Décidément, elle s’entendait à la manœuvre. Voilà qu’elle empoigne les rames, ramant seulement d’abord d’une main de manière à tourner la pointe de l’embarcation vers le large, puis tout à coup elle se renverse de tout le corps : alors on a vu entre les roseaux l’eau lisse qui était creusée aller par derrière, en deux lignes, mourir doucement sur la rive.

Il demeure là d’abord un instant ; ensuite il se met en marche. C’était comme s’il avait besoin de la suivre de tout le corps et avec tout lui-même, pas avec les yeux seulement. Il allait entre les roseaux et l’eau, dans le sable mêlé de vase qui devenait de plus en plus mou et cédait de plus en plus sous son poids ; à un moment donné, il a été forcé de s’arrêter. À ce même moment, elle avait tourné tout à coup, après lui avoir fait signe de la main comme pour lui dire adieu, et avait disparu derrière l’avancement de la falaise.

Il ne lui était plus resté qu’a revenir en arrière, il était revenu en arrière.

Il ne lui était plus resté qu’à attendre qu’elle revînt, il avait dû attendre assez longtemps.

Maintenant, elle était très pressée :

— Mon Dieu, disait-elle en remettant ses souliers, je vais être grondée de nouveau…

— N’ayez pas peur, je vous accompagne.

Elle allait de nouveau devant Rouge dans les roseaux ; ils ont aperçu alors Décosterd rentré depuis longtemps déjà et qui, ne les ayant pas trouvés, s’était remis à son ouvrage.

— As-tu le poisson ? criait Rouge.

Et Décosterd : « Oui, le paquet est dans la cuisine, » tandis qu’il continuait à poser ses briques l’une sur l’autre, ménageant entre elles, avec la truelle, une couche de mortier.

Rouge avait été prendre le paquet, l’avait mis dans le panier, était revenu avec le panier ; il voit qu’elle était partie en avant.

— Voyons, ne vous dépêchez pas comme ça ; vous n’avez qu’à dire à Milliquet que j’ai dû lui pêcher ses perchettes… Non, ne lui dites rien, je m’en charge.

Puis :

— Justement le voilà.

Parce que Milliquet à ce moment était paru et il venait à leur rencontre, leur faisant des signes de loin avec le bras ; mais Rouge :

— Qu’est-ce qu’il y a ? tu t’impatientes… Tu as tort… Allons, allons, tranquille, mon vieux.

Il ne le laissait pas parler.

— Tu vois bien qu’on arrive à temps et même qu’on y a du mérite, parce qu’on a dû aller te pêcher ta friture.
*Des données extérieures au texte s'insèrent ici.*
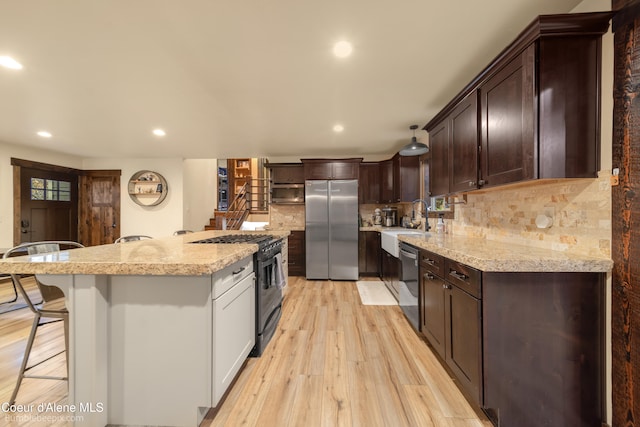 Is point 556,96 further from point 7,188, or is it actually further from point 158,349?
point 7,188

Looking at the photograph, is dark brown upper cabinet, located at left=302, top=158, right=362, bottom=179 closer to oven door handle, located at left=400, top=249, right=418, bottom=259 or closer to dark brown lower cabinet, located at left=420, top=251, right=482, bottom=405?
oven door handle, located at left=400, top=249, right=418, bottom=259

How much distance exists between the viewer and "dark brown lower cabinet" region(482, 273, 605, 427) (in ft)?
4.10

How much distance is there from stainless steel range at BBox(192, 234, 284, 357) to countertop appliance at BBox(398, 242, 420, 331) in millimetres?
1344

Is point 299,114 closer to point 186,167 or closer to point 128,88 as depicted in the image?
point 128,88

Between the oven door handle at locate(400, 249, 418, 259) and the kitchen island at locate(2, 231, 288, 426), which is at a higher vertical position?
the oven door handle at locate(400, 249, 418, 259)

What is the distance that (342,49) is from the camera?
180cm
Et on ne l’aurait pas fait pour un autre, alors tu pourrais nous recevoir un peu mieux que ça, qu’en dis-tu ?

Ils arrivaient devant le café que Milliquet n’avait pas pu encore ouvrir la bouche, mais là était Mme Milliquet qui, les voyant venir, est rentrée en battant la porte.

Il y avait aussi sur la terrasse le Savoyard.